§ **What this task involves**: Isolate every line in the records below with "Casa" in it.
[Start of Attachment]
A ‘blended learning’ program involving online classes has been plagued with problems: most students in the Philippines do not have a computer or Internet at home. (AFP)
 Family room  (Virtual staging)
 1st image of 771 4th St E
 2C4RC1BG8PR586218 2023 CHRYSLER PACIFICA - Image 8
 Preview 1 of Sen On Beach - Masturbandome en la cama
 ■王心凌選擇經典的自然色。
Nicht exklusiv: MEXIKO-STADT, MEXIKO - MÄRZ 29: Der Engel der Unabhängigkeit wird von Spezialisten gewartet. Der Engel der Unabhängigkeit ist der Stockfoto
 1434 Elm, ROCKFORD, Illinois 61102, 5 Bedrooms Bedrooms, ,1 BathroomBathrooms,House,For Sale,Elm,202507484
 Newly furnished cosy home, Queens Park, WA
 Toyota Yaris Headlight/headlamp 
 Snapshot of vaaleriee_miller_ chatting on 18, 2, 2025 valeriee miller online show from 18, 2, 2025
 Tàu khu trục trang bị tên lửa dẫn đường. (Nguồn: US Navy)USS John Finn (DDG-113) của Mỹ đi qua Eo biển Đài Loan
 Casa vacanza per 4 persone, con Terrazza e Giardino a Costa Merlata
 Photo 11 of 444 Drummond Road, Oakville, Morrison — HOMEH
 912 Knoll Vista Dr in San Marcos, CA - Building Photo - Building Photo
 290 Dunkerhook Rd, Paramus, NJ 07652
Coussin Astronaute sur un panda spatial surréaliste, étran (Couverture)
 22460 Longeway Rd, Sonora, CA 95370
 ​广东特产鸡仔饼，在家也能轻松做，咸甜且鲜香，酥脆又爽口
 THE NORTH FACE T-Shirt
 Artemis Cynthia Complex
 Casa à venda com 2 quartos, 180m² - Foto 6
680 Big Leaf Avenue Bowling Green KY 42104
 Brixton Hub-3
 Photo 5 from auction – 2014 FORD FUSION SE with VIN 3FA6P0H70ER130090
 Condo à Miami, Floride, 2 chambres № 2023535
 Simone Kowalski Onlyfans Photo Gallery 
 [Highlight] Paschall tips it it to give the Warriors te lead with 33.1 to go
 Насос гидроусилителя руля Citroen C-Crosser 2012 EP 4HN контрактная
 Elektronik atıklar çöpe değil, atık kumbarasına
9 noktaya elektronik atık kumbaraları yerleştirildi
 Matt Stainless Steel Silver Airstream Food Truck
[End of Attachment]
§ **Answer box**:
 Casa vacanza per 4 persone, con Terrazza e Giardino a Costa Merlata
 Casa à venda com 2 quartos, 180m² - Foto 6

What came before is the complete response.